*** Records for the exercise Section Begins ***

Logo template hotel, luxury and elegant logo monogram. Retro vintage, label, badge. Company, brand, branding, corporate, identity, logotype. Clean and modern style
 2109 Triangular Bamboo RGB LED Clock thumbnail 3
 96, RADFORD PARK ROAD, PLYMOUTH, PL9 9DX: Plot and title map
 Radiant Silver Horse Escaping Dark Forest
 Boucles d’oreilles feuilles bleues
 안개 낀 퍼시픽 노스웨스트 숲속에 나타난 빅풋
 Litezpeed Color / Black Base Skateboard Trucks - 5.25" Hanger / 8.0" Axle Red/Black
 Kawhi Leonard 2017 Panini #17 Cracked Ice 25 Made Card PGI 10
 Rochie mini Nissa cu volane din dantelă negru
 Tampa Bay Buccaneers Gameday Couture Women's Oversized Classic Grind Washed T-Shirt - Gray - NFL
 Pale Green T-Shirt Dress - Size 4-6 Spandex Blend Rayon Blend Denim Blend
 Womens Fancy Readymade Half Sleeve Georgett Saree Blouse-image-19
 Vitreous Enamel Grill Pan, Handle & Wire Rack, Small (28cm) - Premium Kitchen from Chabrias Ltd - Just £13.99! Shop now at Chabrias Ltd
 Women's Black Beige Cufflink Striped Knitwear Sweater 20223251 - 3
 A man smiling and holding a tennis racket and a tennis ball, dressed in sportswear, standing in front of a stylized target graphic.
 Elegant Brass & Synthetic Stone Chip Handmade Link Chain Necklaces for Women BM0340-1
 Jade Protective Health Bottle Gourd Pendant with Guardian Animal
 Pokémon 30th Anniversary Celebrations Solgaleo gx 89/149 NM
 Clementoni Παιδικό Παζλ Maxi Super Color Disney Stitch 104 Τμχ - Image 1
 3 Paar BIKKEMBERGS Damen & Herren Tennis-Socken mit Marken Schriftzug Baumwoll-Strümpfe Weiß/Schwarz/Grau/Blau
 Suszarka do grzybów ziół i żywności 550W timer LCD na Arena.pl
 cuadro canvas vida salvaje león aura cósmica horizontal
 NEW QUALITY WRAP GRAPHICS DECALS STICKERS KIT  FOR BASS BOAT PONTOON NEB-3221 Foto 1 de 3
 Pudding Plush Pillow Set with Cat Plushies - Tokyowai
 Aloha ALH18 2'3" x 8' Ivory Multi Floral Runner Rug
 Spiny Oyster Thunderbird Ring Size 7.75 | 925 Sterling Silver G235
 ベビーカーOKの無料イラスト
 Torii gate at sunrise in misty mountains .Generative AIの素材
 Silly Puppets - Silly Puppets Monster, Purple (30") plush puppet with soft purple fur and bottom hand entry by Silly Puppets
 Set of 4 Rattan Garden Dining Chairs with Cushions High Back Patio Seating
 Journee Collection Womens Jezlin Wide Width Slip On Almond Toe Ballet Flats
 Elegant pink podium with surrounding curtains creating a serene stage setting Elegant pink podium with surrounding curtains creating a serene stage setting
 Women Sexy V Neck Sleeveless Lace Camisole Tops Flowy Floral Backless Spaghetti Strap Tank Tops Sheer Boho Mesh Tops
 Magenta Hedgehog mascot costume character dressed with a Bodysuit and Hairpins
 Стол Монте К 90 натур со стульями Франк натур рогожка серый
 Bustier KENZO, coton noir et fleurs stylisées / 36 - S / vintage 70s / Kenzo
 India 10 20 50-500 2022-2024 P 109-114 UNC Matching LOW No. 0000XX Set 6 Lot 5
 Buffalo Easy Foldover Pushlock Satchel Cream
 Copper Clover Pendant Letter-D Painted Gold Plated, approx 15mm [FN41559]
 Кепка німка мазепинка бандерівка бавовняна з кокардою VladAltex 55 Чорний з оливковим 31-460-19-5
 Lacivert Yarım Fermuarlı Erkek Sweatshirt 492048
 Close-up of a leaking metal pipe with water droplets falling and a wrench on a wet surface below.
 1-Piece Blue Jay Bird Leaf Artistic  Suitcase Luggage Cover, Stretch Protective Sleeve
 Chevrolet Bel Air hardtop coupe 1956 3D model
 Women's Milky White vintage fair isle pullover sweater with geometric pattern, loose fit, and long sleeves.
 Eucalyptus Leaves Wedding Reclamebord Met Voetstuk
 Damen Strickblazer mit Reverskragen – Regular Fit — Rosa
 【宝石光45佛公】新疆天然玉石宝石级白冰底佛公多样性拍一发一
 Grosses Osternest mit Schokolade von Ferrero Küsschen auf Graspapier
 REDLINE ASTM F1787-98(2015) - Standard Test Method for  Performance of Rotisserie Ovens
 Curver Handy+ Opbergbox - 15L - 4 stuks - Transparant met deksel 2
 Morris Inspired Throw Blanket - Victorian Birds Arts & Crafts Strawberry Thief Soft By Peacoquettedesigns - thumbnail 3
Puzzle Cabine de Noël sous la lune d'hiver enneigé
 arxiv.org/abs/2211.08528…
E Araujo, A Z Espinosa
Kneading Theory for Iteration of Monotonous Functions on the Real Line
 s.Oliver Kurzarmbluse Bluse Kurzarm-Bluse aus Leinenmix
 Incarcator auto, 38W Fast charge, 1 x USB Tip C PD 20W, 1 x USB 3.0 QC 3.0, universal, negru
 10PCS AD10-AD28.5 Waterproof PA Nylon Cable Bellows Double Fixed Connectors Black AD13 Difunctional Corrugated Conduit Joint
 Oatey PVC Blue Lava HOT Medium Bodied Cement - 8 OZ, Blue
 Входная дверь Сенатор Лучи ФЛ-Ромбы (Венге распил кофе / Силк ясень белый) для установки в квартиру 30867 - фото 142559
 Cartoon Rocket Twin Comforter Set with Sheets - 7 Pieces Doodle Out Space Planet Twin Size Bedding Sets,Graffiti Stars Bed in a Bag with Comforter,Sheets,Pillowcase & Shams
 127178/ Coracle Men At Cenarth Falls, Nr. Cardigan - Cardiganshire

*** Records for the exercise Section Ends ***

Task to carry out: Please copy only these lines, exactly: the first line of the records through the line containing "3 Paar BIKKEMBERGS", ends included.

Exercise output:
Logo template hotel, luxury and elegant logo monogram. Retro vintage, label, badge. Company, brand, branding, corporate, identity, logotype. Clean and modern style
 2109 Triangular Bamboo RGB LED Clock thumbnail 3
 96, RADFORD PARK ROAD, PLYMOUTH, PL9 9DX: Plot and title map
 Radiant Silver Horse Escaping Dark Forest
 Boucles d’oreilles feuilles bleues
 안개 낀 퍼시픽 노스웨스트 숲속에 나타난 빅풋
 Litezpeed Color / Black Base Skateboard Trucks - 5.25" Hanger / 8.0" Axle Red/Black
 Kawhi Leonard 2017 Panini #17 Cracked Ice 25 Made Card PGI 10
 Rochie mini Nissa cu volane din dantelă negru
 Tampa Bay Buccaneers Gameday Couture Women's Oversized Classic Grind Washed T-Shirt - Gray - NFL
 Pale Green T-Shirt Dress - Size 4-6 Spandex Blend Rayon Blend Denim Blend
 Womens Fancy Readymade Half Sleeve Georgett Saree Blouse-image-19
 Vitreous Enamel Grill Pan, Handle & Wire Rack, Small (28cm) - Premium Kitchen from Chabrias Ltd - Just £13.99! Shop now at Chabrias Ltd
 Women's Black Beige Cufflink Striped Knitwear Sweater 20223251 - 3
 A man smiling and holding a tennis racket and a tennis ball, dressed in sportswear, standing in front of a stylized target graphic.
 Elegant Brass & Synthetic Stone Chip Handmade Link Chain Necklaces for Women BM0340-1
 Jade Protective Health Bottle Gourd Pendant with Guardian Animal
 Pokémon 30th Anniversary Celebrations Solgaleo gx 89/149 NM
 Clementoni Παιδικό Παζλ Maxi Super Color Disney Stitch 104 Τμχ - Image 1
 3 Paar BIKKEMBERGS Damen & Herren Tennis-Socken mit Marken Schriftzug Baumwoll-Strümpfe Weiß/Schwarz/Grau/Blau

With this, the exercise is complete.